Записки ящикового еврея. Книга первая: Из Ленинграда до Ленинграда - стр. 21
За антисемитизм наказывали, в том числе и в уголовном порядке[34].
Характерным являлся и следующий случай. Братья Шифрины[35] (ставшие известными учеными) поступили в ленинградские институты, хорошо сдав все экзамены. Их старший брат учился мало (и неохотно), но все экзамены, кроме русского, сдал. Резолюция академика Орбели[36]: «Принять, как представителя угнетенной нации, не имевшего возможности получить правильное образование».

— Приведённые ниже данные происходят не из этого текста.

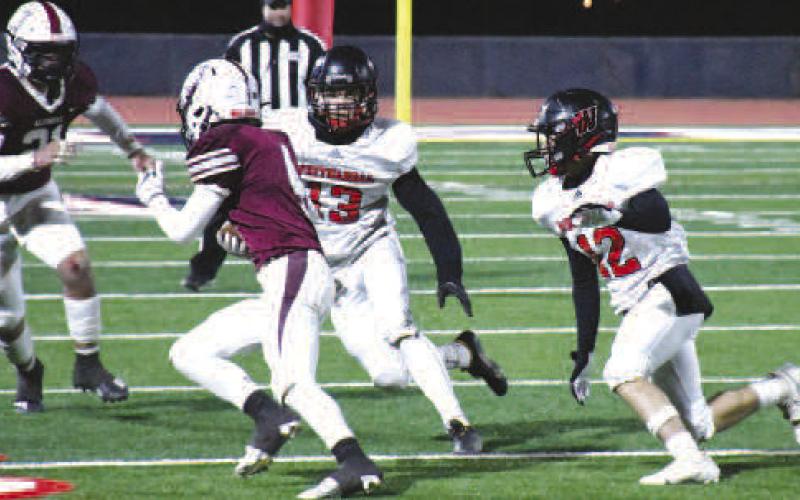 DEFENSIVE PURSUIT- The Whitharral Panthers football team dominated the Klondike Cougars, 64-20, Friday in Lubbock during the area round of playoffs. Whitharral defenders Cason Wischkaemper and Dawson Rodgers pursued a Cougar ball carrier. The Panther will be taking on the Balmorrhea Bears in Hermleigh, Friday at 6 p.m. in the regional finals. (Staff Photo by Dom Puente)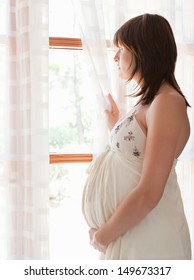 Side Portrait View Of A Young Pregnant Woman Standing By Large French Glass Doors At Home, Holding The Curtain Open And Looking At The Window Being Thoughtful And Holding Her Belly.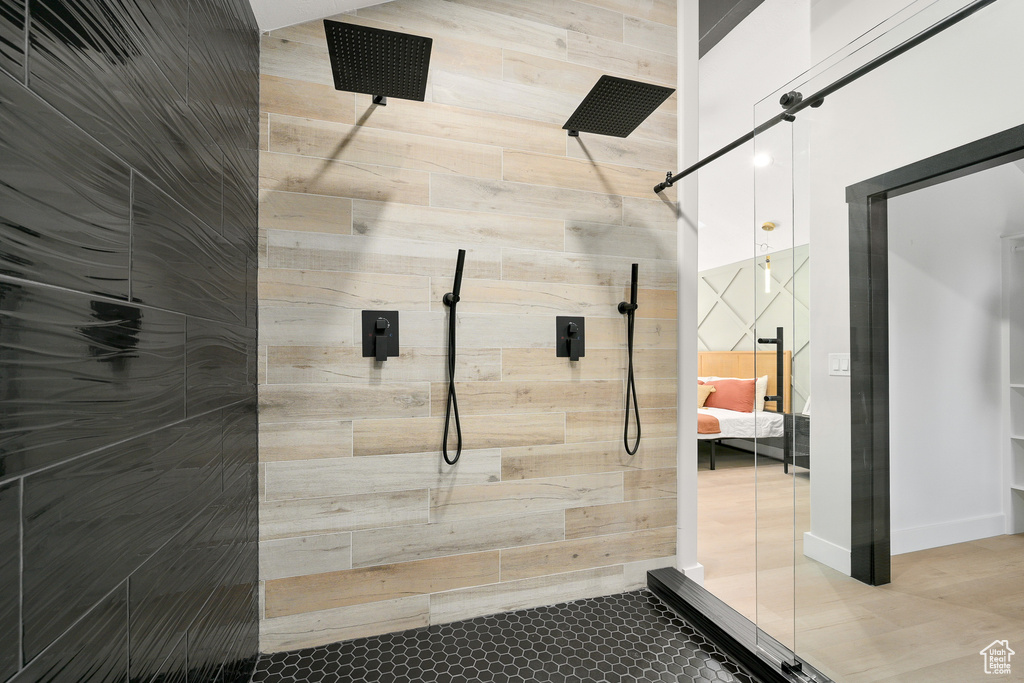 Bathroom with tile floors and tiled shower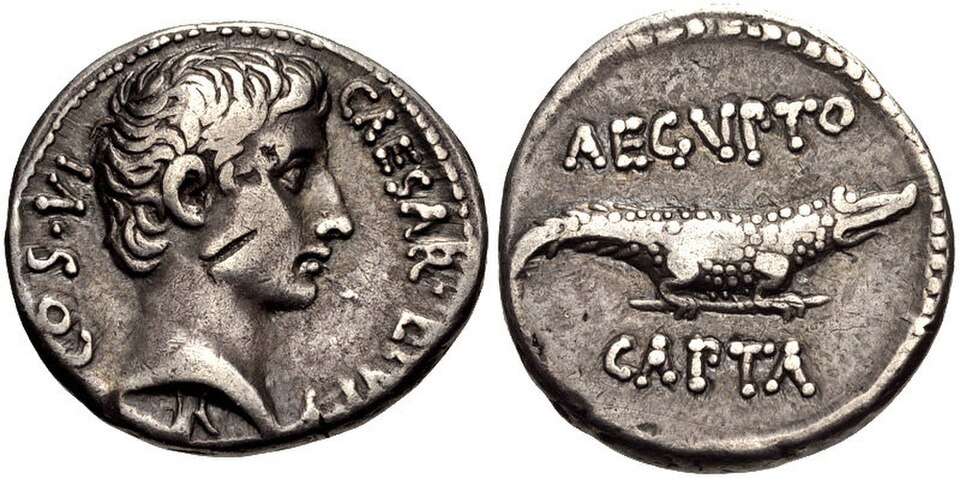 Silver denarius: on the left, bare head of Octavian with the legend CAESAR DIVI F COS VI; on the right, a crocodile with the legend AEGVPTO CAPTA
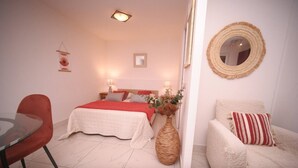 A bedroom with a bed, bedside tables, a chair, a small table, and a mirror on the wall. - Nice studio, spacious, air-conditioned, near village, sea view in small residence. (Cargèse)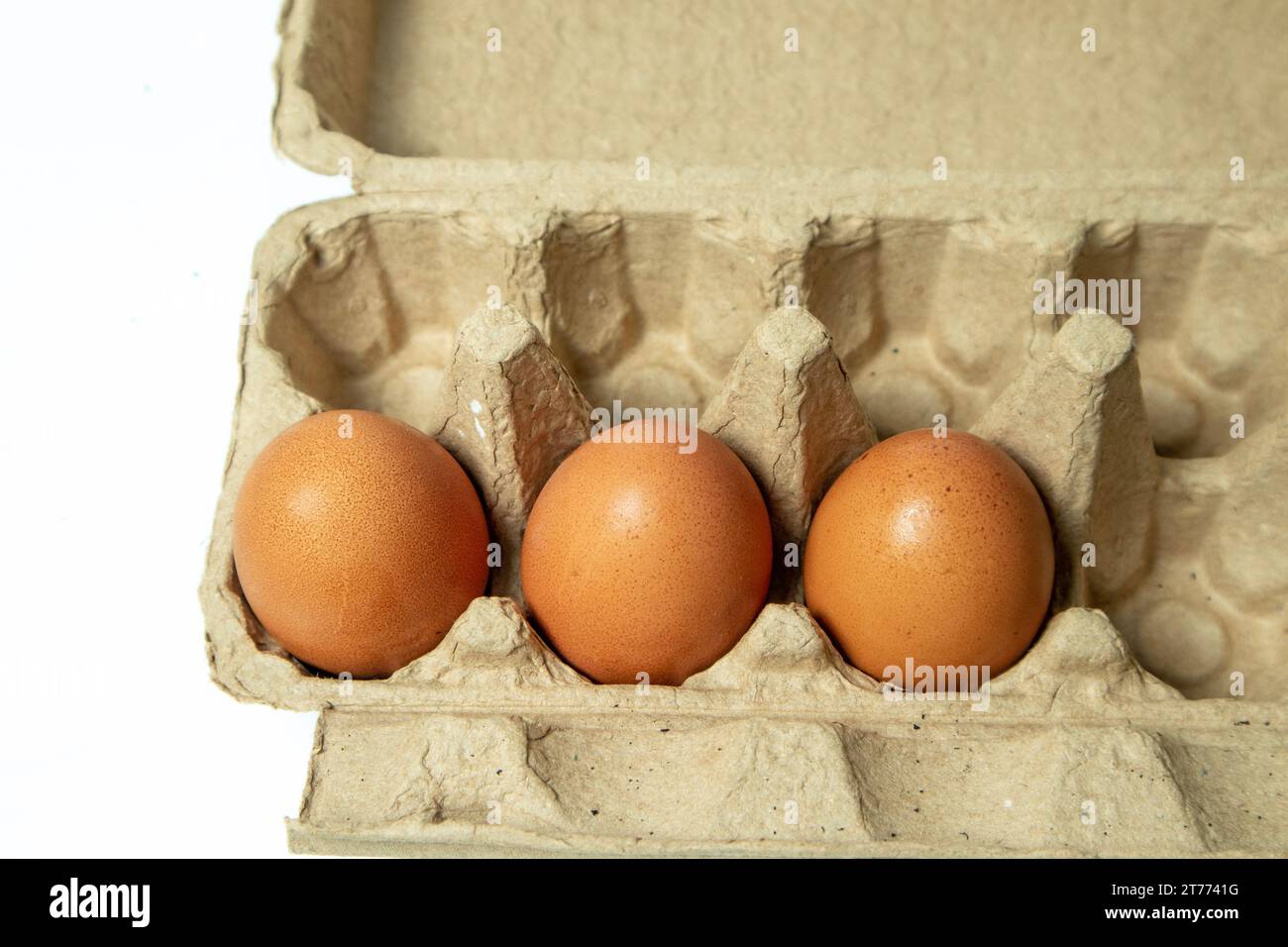 Eggs in a cardboard box isolated on a white background. Stock Photo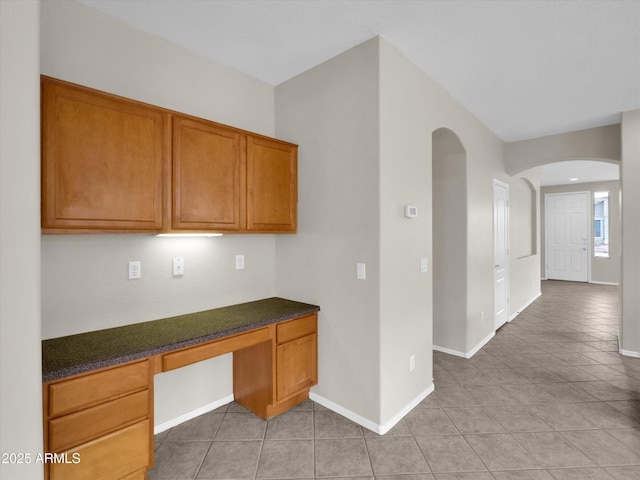 kitchen featuring built in desk and light tile patterned floors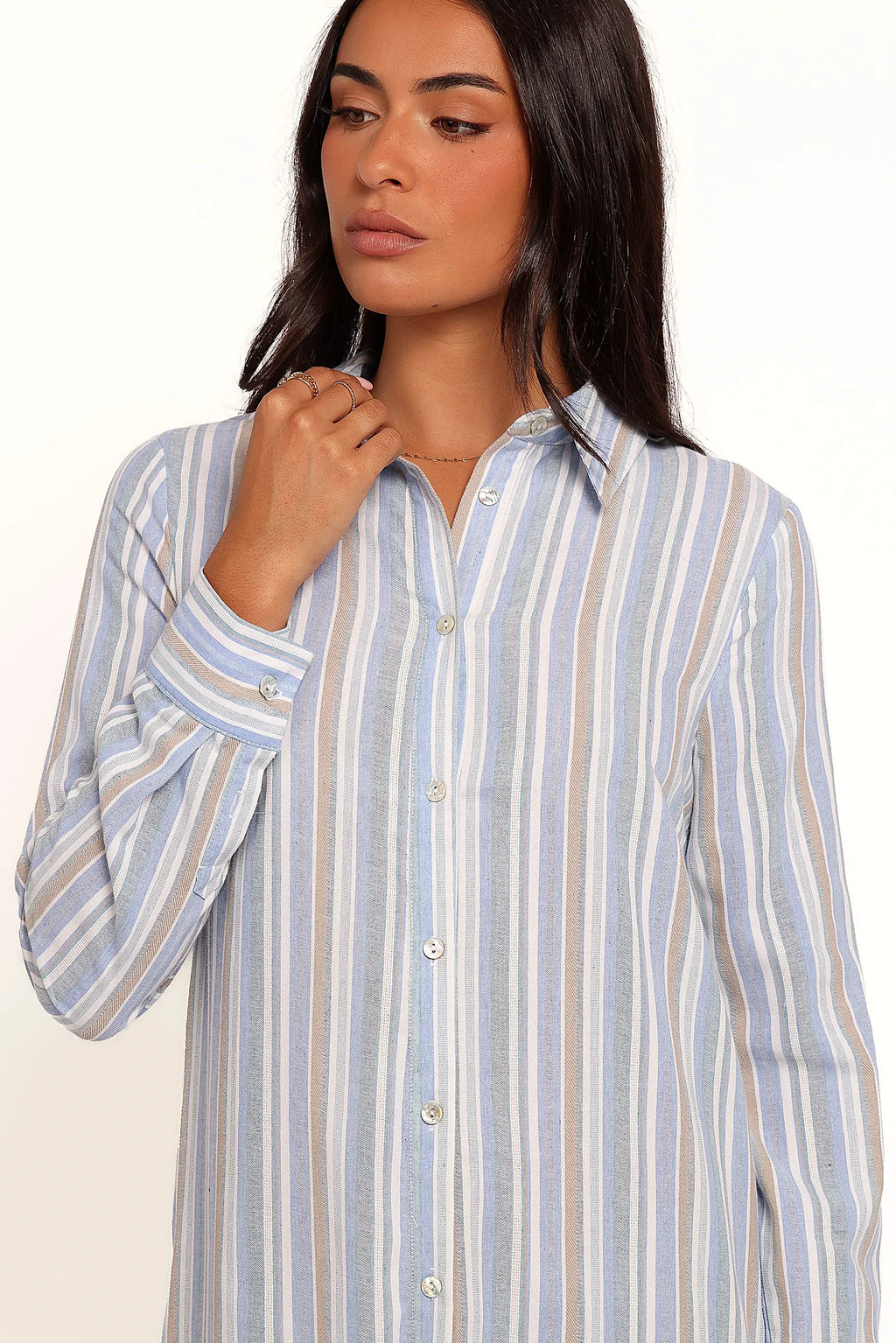 Front view of a blue blue stripe button down maxi shirt dress, showing the neckline and bodice detail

Перед войной лафа для евреев кончилась. Нужно было дружить с Гитлером, да и Сталин, наконец, осознал, что может не скрывать своей юдофобии. Во время войны «они» (евреи), конечно, были полезны, но уже с конца
42-го года включились мощные антисемитские фильтры. Сказалось это и в награждениях, и в чистке руководящих работников культуры (об этом написал кинорежиссер Михаил Ромм[37] в «Устных рассказах»), а потом, с 43-го года и в промышленности, даже оборонной, когда директоров-евреев, ставших уже Героями и генералами, стали смещать со своих постов. О том, что награжденных на войне евреев было гораздо меньше, чем поданых на награждения рапортов, широко известно. И чем выше были ордена, тем усерднее их фамилии вычеркивали.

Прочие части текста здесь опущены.